Currently i use Autoglym Vinyl and Rubber Care on interior trim and their Bumper and Trim Gel on exterior.

The Bumper and Trim Gel seems to last anything up to 2 months on exterior trim, so i would want that sort of durability or better.

I have read all the rave reviews on PERL, but am trying to find out how long it would withstand typical UK weather when used at 3:1 dilution ?


----------



## SuperchargedLlama (Apr 25, 2008)

Nanolex Trim Rejuvenator - Soul Boy recommended it to me the other day and I grabbed some, it's phenomenal and reportedly has 6-9 months durability.
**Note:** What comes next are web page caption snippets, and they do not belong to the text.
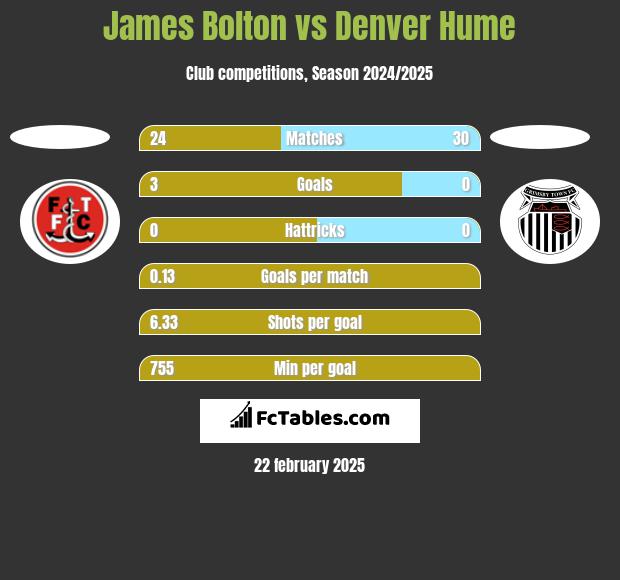 James Bolton vs Denver Hume h2h player stats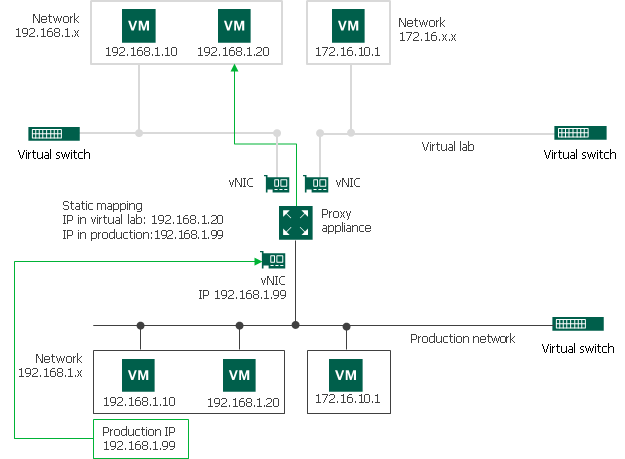 Static IP Mapping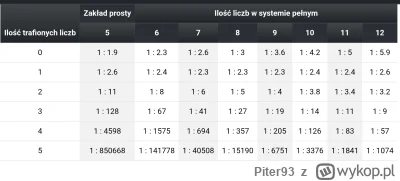 Piter93 - Wiecie, że grając systemem w Mini Lotto możecie mieć takie prawdopodobieńst...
Although I did find that Surfex HD stripped it off (fair enough).

Here's a video of me using it compared to Auto Finesse Revive (revive is nearer the rear wheel- RHS of the screen - Nanolex on the left hand side)

__
http://instagr.am/p/CNDQnQLn0Kh/

Here's a 50/50 https://photos.app.goo.gl/rzveB4aPWcKyGGwV8


----------



## SuperchargedLlama (Apr 25, 2008)

Eurgh, seemingly posted a new reply rather than edited the last one, sorry.
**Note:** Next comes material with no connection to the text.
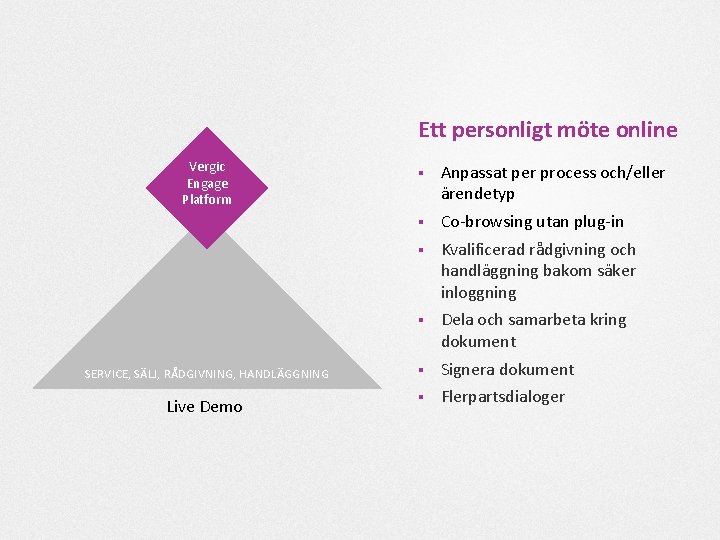 Ett personligt möte online Vergic Engage Platform § Anpassat per process och/eller ärendetyp §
My review and comparison video will be up next Friday on YouTube, I've got a bit more editing to do yet.


----------



## Soul boy 68 (Sep 8, 2013)

SuperchargedLlama said:


> Nanolex Trim Rejuvenator - Soul Boy recommended it to me the other day and I grabbed some, it's phenomenal and reportedly has 6-9 months durability. Although I did find that Surfex HD stripped it off (fair enough).
> 
> Here's a video of me using it compared to Auto Finesse Revive (revive is nearer the rear wheel- RHS of the screen - Nanolex on the left hand side)
> 
> ...


And it's still going strong six months on but tomorrow it'll be removed as I'll be carrying out my six monthly detailing on my M2 Competition. It'll be a cool cloudy day which is perfect for detailing.


----------



## Andyblue (Jun 20, 2017)

Thanks guys, really helpful. :thumb: 

Hoping to try it out over weekend :thumb:


----------



## Andyblue (Jun 20, 2017)

GleemSpray said:


> I am looking for a wipe on exterior dressing for slightly faded exterior trim that has some degree of durability.
> 
> I don't want a permanent restorer like C4, i just want something quick and easy to use on a fairly regular basis.?


I've just bought some Nanolex trim rejuvenator on the back of SB recommendation - worked very well and pleased with it.

Going to pop a short review write up on it :thumb:


----------



## Rappy (Oct 2, 2020)

Andyblue said:


> Thanks guys, really helpful. :thumb:
> 
> Hoping to try it out over weekend :thumb:


Forgot to add...

I always use deionized water & find PERL lasts really well :thumb:


----------



## SuperchargedLlama (Apr 25, 2008)

Andyblue said:


> I've just bought some Nanolex trim rejuvenator on the back of SB recommendation - worked very well and pleased with it.
> 
> Going to pop a short review write up on it :thumb:


It's seriously good isn't it?


----------



## Rappy (Oct 2, 2020)

SuperchargedLlama said:


> It's seriously good isn't it?


If Surfex-HD can strip it I will continue to use PERL & C4 for a more perm barrier.


----------



## Andyblue (Jun 20, 2017)

Rappy said:


> Forgot to add...
> 
> I always use deionized water & find PERL lasts really well :thumb:


Oh okay. I'll have a look to see if I can find any ?

Any reason why ??


----------



## Rappy (Oct 2, 2020)

Andyblue said:


> Oh okay. I'll have a look to see if I can find any ?
> 
> Any reason why ??


Halfords sell it, supermarkets, Screwfix etc...or via ebay.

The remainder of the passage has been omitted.